Input data ::
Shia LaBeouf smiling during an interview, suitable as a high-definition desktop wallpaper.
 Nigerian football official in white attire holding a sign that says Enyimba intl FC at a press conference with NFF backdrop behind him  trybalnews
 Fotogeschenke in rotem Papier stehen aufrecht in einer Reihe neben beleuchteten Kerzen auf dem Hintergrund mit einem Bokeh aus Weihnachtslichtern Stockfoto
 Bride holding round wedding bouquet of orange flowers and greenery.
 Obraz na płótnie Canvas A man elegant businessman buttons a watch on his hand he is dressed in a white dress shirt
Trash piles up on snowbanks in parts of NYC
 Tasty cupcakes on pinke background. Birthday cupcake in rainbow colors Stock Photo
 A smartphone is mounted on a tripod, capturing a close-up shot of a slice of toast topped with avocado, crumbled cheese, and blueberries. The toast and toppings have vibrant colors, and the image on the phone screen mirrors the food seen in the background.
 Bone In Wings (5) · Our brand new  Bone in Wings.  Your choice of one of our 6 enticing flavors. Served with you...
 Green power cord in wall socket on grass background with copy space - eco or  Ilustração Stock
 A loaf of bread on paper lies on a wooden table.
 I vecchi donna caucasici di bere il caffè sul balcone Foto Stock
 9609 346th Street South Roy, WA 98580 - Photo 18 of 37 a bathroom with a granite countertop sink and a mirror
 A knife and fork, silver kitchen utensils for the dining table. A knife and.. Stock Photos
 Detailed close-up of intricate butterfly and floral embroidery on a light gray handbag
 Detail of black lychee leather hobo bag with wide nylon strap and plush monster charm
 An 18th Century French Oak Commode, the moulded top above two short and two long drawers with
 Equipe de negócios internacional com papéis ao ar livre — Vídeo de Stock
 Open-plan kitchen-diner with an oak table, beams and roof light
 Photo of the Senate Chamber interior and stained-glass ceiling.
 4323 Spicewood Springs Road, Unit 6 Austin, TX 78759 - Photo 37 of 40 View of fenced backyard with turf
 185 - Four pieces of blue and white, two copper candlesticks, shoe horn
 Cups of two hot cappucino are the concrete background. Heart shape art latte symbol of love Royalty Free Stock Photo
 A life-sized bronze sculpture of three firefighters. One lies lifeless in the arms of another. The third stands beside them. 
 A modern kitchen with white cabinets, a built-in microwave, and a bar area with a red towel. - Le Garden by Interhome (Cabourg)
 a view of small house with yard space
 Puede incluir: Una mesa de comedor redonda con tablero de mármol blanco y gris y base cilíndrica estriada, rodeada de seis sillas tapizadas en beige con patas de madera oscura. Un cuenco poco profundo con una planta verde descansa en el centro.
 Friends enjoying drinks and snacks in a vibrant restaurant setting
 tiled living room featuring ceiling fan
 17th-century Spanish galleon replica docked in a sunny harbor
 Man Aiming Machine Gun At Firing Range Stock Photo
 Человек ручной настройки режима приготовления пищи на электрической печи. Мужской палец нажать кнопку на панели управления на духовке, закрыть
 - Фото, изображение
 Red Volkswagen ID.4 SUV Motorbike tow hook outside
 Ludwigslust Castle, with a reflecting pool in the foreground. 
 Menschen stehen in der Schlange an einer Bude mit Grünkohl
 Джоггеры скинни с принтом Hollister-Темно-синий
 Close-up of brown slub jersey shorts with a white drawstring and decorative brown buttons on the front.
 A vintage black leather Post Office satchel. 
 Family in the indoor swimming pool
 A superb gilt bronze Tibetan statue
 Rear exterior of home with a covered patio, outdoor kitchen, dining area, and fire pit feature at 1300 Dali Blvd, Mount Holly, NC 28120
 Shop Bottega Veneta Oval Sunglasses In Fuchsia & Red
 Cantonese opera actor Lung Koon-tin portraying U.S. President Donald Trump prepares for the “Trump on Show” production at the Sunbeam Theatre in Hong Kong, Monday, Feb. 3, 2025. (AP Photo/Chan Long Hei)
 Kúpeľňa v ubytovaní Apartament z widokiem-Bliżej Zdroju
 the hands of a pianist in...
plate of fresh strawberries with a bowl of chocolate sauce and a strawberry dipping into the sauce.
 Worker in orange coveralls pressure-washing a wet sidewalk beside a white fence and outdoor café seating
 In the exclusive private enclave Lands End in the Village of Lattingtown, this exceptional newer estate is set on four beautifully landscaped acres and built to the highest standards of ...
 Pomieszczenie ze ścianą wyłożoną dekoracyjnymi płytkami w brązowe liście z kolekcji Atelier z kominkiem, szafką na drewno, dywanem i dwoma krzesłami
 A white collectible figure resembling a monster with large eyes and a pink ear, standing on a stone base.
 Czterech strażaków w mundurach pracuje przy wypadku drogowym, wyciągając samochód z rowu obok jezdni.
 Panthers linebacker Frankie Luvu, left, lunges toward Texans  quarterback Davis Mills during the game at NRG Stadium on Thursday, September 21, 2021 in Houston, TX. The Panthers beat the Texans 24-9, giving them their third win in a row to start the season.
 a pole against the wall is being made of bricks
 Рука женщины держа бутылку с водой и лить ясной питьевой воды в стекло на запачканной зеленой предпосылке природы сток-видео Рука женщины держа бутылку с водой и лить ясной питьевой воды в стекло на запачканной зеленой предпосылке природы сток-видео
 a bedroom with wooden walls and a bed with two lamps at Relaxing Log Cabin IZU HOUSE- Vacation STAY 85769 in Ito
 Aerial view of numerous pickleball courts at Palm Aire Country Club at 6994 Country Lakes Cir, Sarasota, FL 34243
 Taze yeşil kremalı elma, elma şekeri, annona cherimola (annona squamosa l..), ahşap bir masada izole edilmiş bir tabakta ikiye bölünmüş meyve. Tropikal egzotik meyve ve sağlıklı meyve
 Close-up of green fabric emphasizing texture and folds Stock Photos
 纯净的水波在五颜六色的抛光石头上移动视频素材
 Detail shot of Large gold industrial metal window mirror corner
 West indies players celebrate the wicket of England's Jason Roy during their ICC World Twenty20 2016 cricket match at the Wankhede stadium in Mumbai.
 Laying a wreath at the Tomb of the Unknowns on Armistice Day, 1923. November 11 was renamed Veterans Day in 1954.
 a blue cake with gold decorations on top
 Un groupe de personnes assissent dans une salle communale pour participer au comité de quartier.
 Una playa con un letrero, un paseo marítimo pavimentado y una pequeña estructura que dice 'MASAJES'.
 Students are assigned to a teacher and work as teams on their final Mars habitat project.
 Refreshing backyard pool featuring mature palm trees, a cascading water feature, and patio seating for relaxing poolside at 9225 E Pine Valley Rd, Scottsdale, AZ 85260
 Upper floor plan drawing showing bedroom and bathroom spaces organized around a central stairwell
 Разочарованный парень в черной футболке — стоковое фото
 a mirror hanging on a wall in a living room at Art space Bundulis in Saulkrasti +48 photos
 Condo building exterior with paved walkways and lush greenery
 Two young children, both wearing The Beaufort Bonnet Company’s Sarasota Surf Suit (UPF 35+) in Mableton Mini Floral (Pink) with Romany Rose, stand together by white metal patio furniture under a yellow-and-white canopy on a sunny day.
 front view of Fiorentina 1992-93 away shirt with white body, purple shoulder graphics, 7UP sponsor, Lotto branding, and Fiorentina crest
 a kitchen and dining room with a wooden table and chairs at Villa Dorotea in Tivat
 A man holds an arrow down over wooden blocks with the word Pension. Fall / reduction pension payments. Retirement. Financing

Task objective ::
Whatever appears in the data above should be set down again exactly.

Response ::
Shia LaBeouf smiling during an interview, suitable as a high-definition desktop wallpaper.
 Nigerian football official in white attire holding a sign that says Enyimba intl FC at a press conference with NFF backdrop behind him  trybalnews
 Fotogeschenke in rotem Papier stehen aufrecht in einer Reihe neben beleuchteten Kerzen auf dem Hintergrund mit einem Bokeh aus Weihnachtslichtern Stockfoto
 Bride holding round wedding bouquet of orange flowers and greenery.
 Obraz na płótnie Canvas A man elegant businessman buttons a watch on his hand he is dressed in a white dress shirt
Trash piles up on snowbanks in parts of NYC
 Tasty cupcakes on pinke background. Birthday cupcake in rainbow colors Stock Photo
 A smartphone is mounted on a tripod, capturing a close-up shot of a slice of toast topped with avocado, crumbled cheese, and blueberries. The toast and toppings have vibrant colors, and the image on the phone screen mirrors the food seen in the background.
 Bone In Wings (5) · Our brand new  Bone in Wings.  Your choice of one of our 6 enticing flavors. Served with you...
 Green power cord in wall socket on grass background with copy space - eco or  Ilustração Stock
 A loaf of bread on paper lies on a wooden table.
 I vecchi donna caucasici di bere il caffè sul balcone Foto Stock
 9609 346th Street South Roy, WA 98580 - Photo 18 of 37 a bathroom with a granite countertop sink and a mirror
 A knife and fork, silver kitchen utensils for the dining table. A knife and.. Stock Photos
 Detailed close-up of intricate butterfly and floral embroidery on a light gray handbag
 Detail of black lychee leather hobo bag with wide nylon strap and plush monster charm
 An 18th Century French Oak Commode, the moulded top above two short and two long drawers with
 Equipe de negócios internacional com papéis ao ar livre — Vídeo de Stock
 Open-plan kitchen-diner with an oak table, beams and roof light
 Photo of the Senate Chamber interior and stained-glass ceiling.
 4323 Spicewood Springs Road, Unit 6 Austin, TX 78759 - Photo 37 of 40 View of fenced backyard with turf
 185 - Four pieces of blue and white, two copper candlesticks, shoe horn
 Cups of two hot cappucino are the concrete background. Heart shape art latte symbol of love Royalty Free Stock Photo
 A life-sized bronze sculpture of three firefighters. One lies lifeless in the arms of another. The third stands beside them. 
 A modern kitchen with white cabinets, a built-in microwave, and a bar area with a red towel. - Le Garden by Interhome (Cabourg)
 a view of small house with yard space
 Puede incluir: Una mesa de comedor redonda con tablero de mármol blanco y gris y base cilíndrica estriada, rodeada de seis sillas tapizadas en beige con patas de madera oscura. Un cuenco poco profundo con una planta verde descansa en el centro.
 Friends enjoying drinks and snacks in a vibrant restaurant setting
 tiled living room featuring ceiling fan
 17th-century Spanish galleon replica docked in a sunny harbor
 Man Aiming Machine Gun At Firing Range Stock Photo
 Человек ручной настройки режима приготовления пищи на электрической печи. Мужской палец нажать кнопку на панели управления на духовке, закрыть
 - Фото, изображение
 Red Volkswagen ID.4 SUV Motorbike tow hook outside
 Ludwigslust Castle, with a reflecting pool in the foreground. 
 Menschen stehen in der Schlange an einer Bude mit Grünkohl
 Джоггеры скинни с принтом Hollister-Темно-синий
 Close-up of brown slub jersey shorts with a white drawstring and decorative brown buttons on the front.
 A vintage black leather Post Office satchel. 
 Family in the indoor swimming pool
 A superb gilt bronze Tibetan statue
 Rear exterior of home with a covered patio, outdoor kitchen, dining area, and fire pit feature at 1300 Dali Blvd, Mount Holly, NC 28120
 Shop Bottega Veneta Oval Sunglasses In Fuchsia & Red
 Cantonese opera actor Lung Koon-tin portraying U.S. President Donald Trump prepares for the “Trump on Show” production at the Sunbeam Theatre in Hong Kong, Monday, Feb. 3, 2025. (AP Photo/Chan Long Hei)
 Kúpeľňa v ubytovaní Apartament z widokiem-Bliżej Zdroju
 the hands of a pianist in...
plate of fresh strawberries with a bowl of chocolate sauce and a strawberry dipping into the sauce.
 Worker in orange coveralls pressure-washing a wet sidewalk beside a white fence and outdoor café seating
 In the exclusive private enclave Lands End in the Village of Lattingtown, this exceptional newer estate is set on four beautifully landscaped acres and built to the highest standards of ...
 Pomieszczenie ze ścianą wyłożoną dekoracyjnymi płytkami w brązowe liście z kolekcji Atelier z kominkiem, szafką na drewno, dywanem i dwoma krzesłami
 A white collectible figure resembling a monster with large eyes and a pink ear, standing on a stone base.
 Czterech strażaków w mundurach pracuje przy wypadku drogowym, wyciągając samochód z rowu obok jezdni.
 Panthers linebacker Frankie Luvu, left, lunges toward Texans  quarterback Davis Mills during the game at NRG Stadium on Thursday, September 21, 2021 in Houston, TX. The Panthers beat the Texans 24-9, giving them their third win in a row to start the season.
 a pole against the wall is being made of bricks
 Рука женщины держа бутылку с водой и лить ясной питьевой воды в стекло на запачканной зеленой предпосылке природы сток-видео Рука женщины держа бутылку с водой и лить ясной питьевой воды в стекло на запачканной зеленой предпосылке природы сток-видео
 a bedroom with wooden walls and a bed with two lamps at Relaxing Log Cabin IZU HOUSE- Vacation STAY 85769 in Ito
 Aerial view of numerous pickleball courts at Palm Aire Country Club at 6994 Country Lakes Cir, Sarasota, FL 34243
 Taze yeşil kremalı elma, elma şekeri, annona cherimola (annona squamosa l..), ahşap bir masada izole edilmiş bir tabakta ikiye bölünmüş meyve. Tropikal egzotik meyve ve sağlıklı meyve
 Close-up of green fabric emphasizing texture and folds Stock Photos
 纯净的水波在五颜六色的抛光石头上移动视频素材
 Detail shot of Large gold industrial metal window mirror corner
 West indies players celebrate the wicket of England's Jason Roy during their ICC World Twenty20 2016 cricket match at the Wankhede stadium in Mumbai.
 Laying a wreath at the Tomb of the Unknowns on Armistice Day, 1923. November 11 was renamed Veterans Day in 1954.
 a blue cake with gold decorations on top
 Un groupe de personnes assissent dans une salle communale pour participer au comité de quartier.
 Una playa con un letrero, un paseo marítimo pavimentado y una pequeña estructura que dice 'MASAJES'.
 Students are assigned to a teacher and work as teams on their final Mars habitat project.
 Refreshing backyard pool featuring mature palm trees, a cascading water feature, and patio seating for relaxing poolside at 9225 E Pine Valley Rd, Scottsdale, AZ 85260
 Upper floor plan drawing showing bedroom and bathroom spaces organized around a central stairwell
 Разочарованный парень в черной футболке — стоковое фото
 a mirror hanging on a wall in a living room at Art space Bundulis in Saulkrasti +48 photos
 Condo building exterior with paved walkways and lush greenery
 Two young children, both wearing The Beaufort Bonnet Company’s Sarasota Surf Suit (UPF 35+) in Mableton Mini Floral (Pink) with Romany Rose, stand together by white metal patio furniture under a yellow-and-white canopy on a sunny day.
 front view of Fiorentina 1992-93 away shirt with white body, purple shoulder graphics, 7UP sponsor, Lotto branding, and Fiorentina crest
 a kitchen and dining room with a wooden table and chairs at Villa Dorotea in Tivat
 A man holds an arrow down over wooden blocks with the word Pension. Fall / reduction pension payments. Retirement. Financing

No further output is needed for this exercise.